Installation is simple, it’s just a little code snippet that gets dropped into your pages and then it will start tracking every visit and click – importantly it will track exactly where on a page visitors are clicking – right down to the pixel. With this data it will then produce a ‘heatmap’ – a visual overlay that pinpoints the hot spots – this helps you see what is working (and perhaps more importantly what isn’t working – for example if your page contains some content that may appear to be a link which in fact isn’t one).

If your careers site is built using Responsive Design - meaning it will automatically adapt to the type of device that the visitor is using (and if it isn’t…then it probably should be!) it will let you compare side by side your desktop and mobile views, letting you easily spot user differences.

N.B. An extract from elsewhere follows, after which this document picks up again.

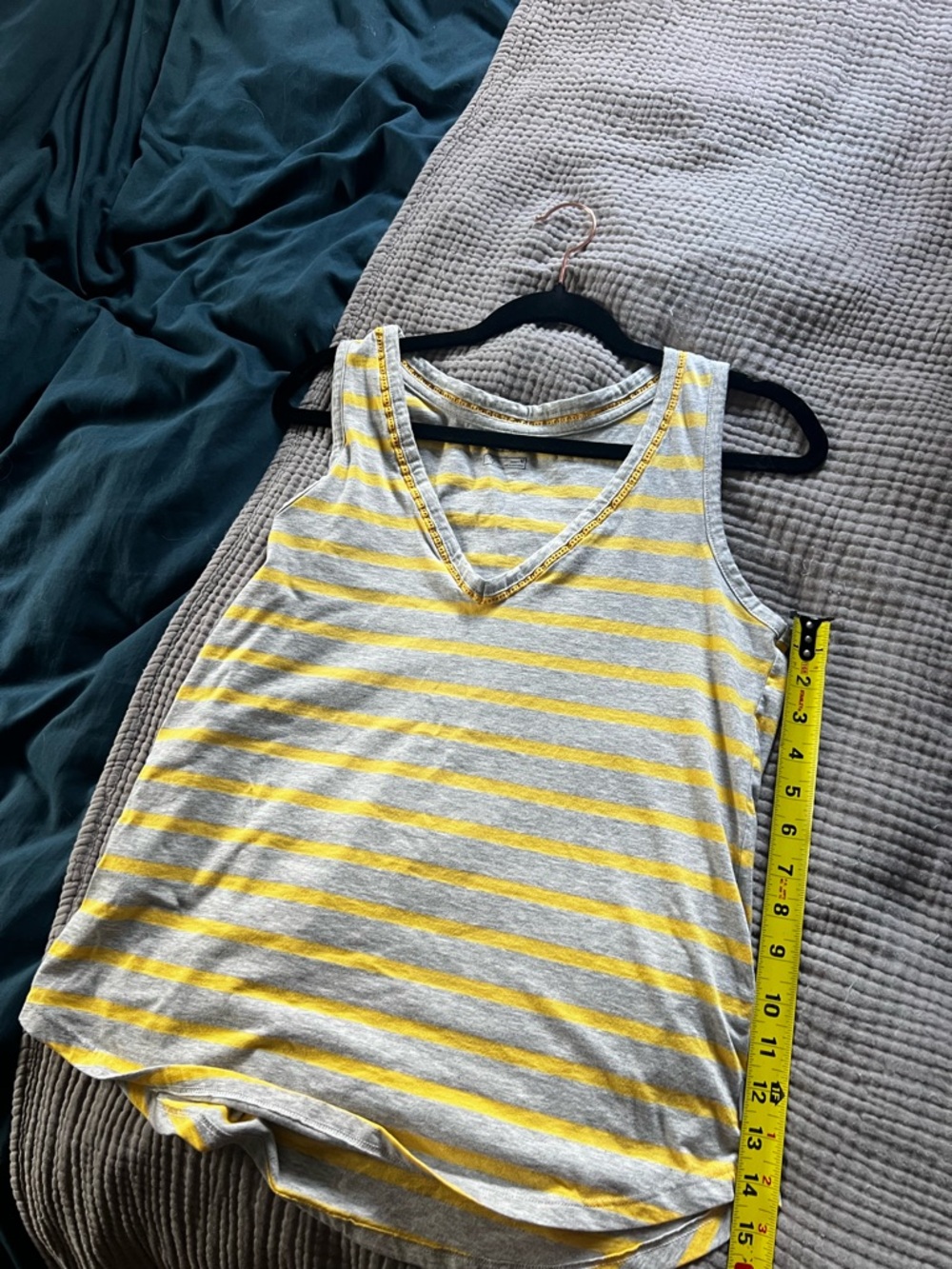 Eddie‎ Bauer Gray and Yellow Striped Crocheted V-Neck Tank - Picture 5 of 7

And where Crazy Egg really comes into its own is that all of these views and all of this data can be easily filtered to show you (amongst many other things):
  • Which sites the visitor was referred from – letting you spot which social networks and job boards for example are providing the best return
  • Days and Times – letting you spot whether mobile visitors are more likely to engage with you in the evenings and lunchtimes and desktop users during the day for example. And which days of the week are most popular for visits and applications.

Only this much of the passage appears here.